→ REQUIRED WORK
Exactly as written, write out the lines below from the first to the one containing "Luxurious Unique Tower", inclusive. Pictures do not belong in the copy.
● ● ● ● ●
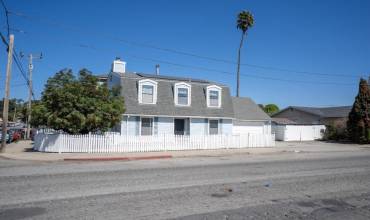 115 E Bolivar Street, Salinas, California 93906, 3 Bedrooms Bedrooms, ,2 BathroomsBathrooms,Residential,Buy,115 E Bolivar Street,ML81982230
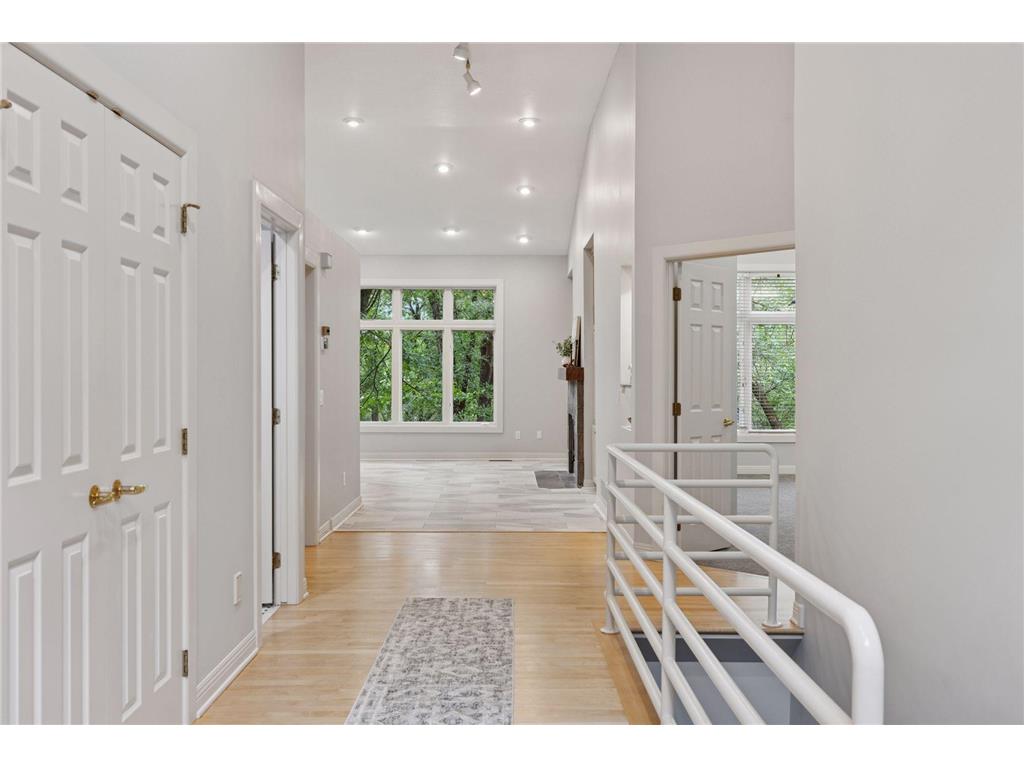 11984 Saint Albans Hollow Drive Minnetonka MN 55305 6773260 image35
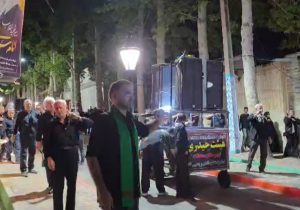 دسته عزاداری شب تاسوعا؛ جلوه‌ای از عشق محلاتی‌ها به سیدالشهدا(ع)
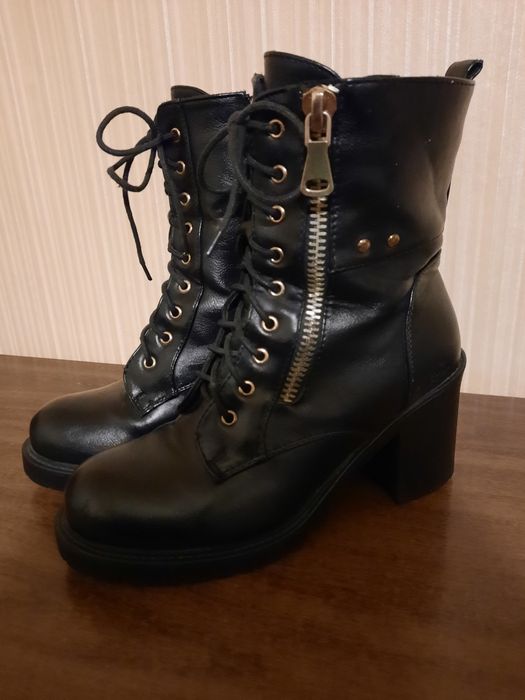 Боти от естествена кожа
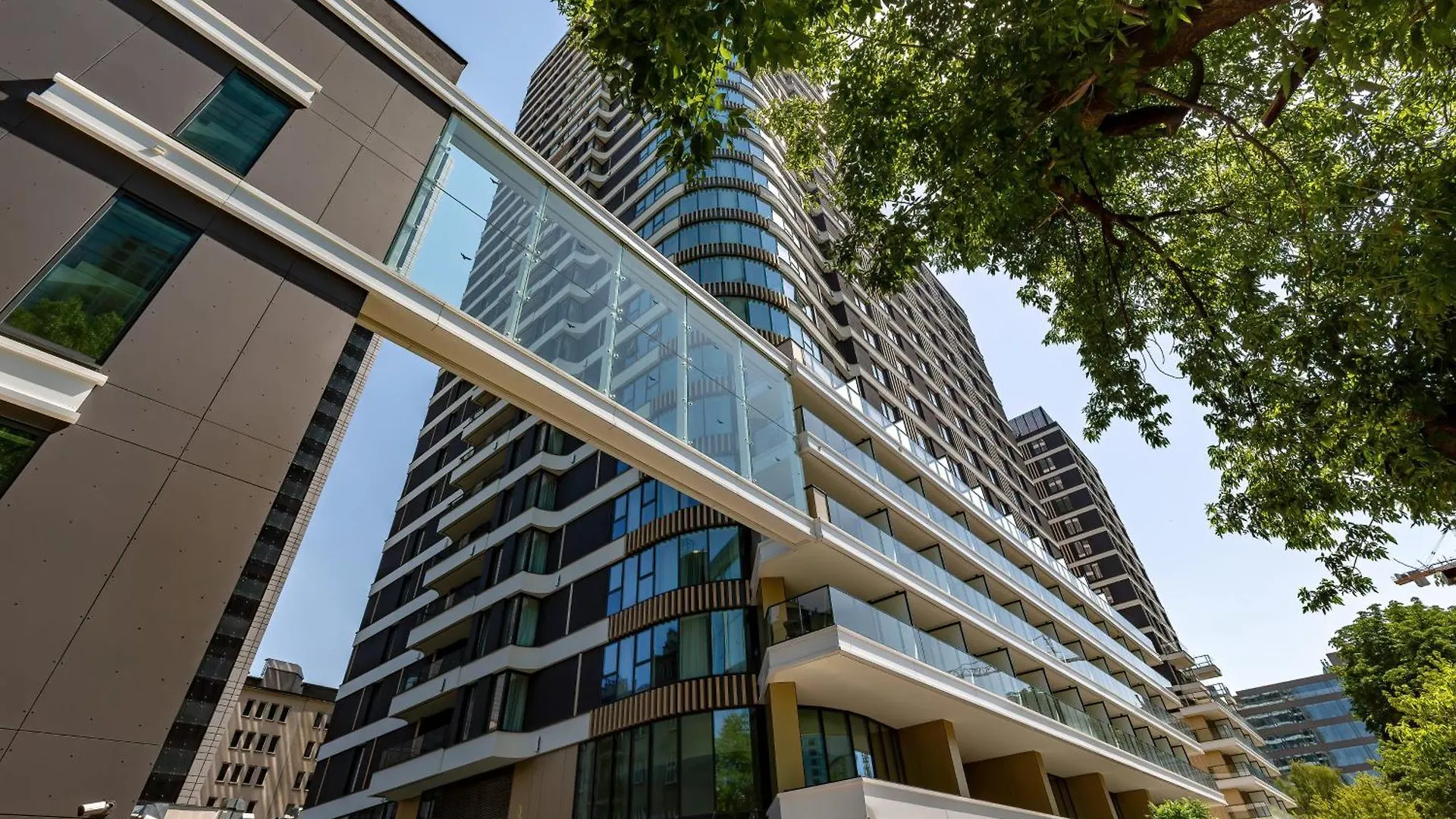 Luxurious Unique Tower Apartment With City Skyline By Renters Prestige Βαρσοβία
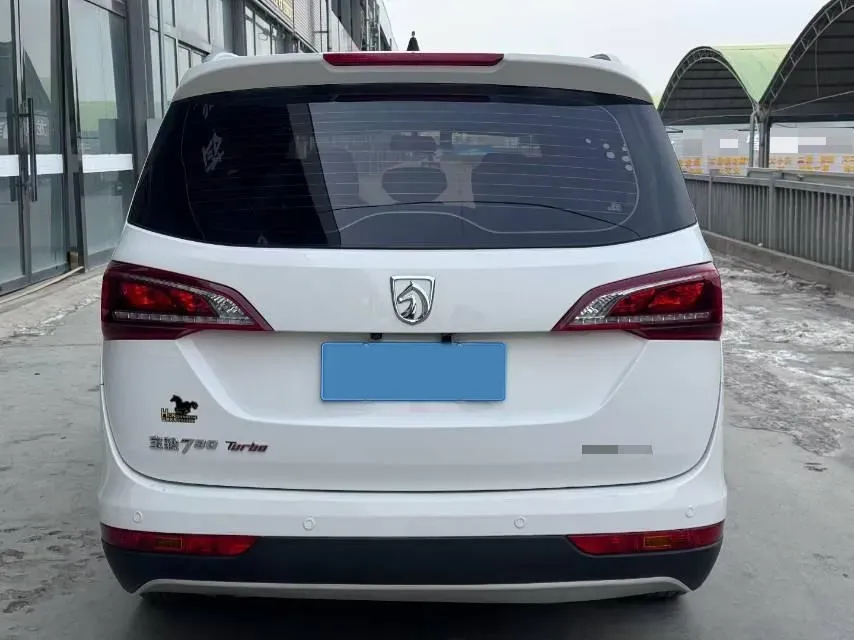 2019 BaoJun 730 1.5T 151HP L4 CVT,autocango,china used car exporter,china ev exporter,chinese used car exporter,chinese used ev exporter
● ● ● ● ●
→ FINISHED TASK
 115 E Bolivar Street, Salinas, California 93906, 3 Bedrooms Bedrooms, ,2 BathroomsBathrooms,Residential,Buy,115 E Bolivar Street,ML81982230
 11984 Saint Albans Hollow Drive Minnetonka MN 55305 6773260 image35
 دسته عزاداری شب تاسوعا؛ جلوه‌ای از عشق محلاتی‌ها به سیدالشهدا(ع)
 Боти от естествена кожа
 Luxurious Unique Tower Apartment With City Skyline By Renters Prestige Βαρσοβία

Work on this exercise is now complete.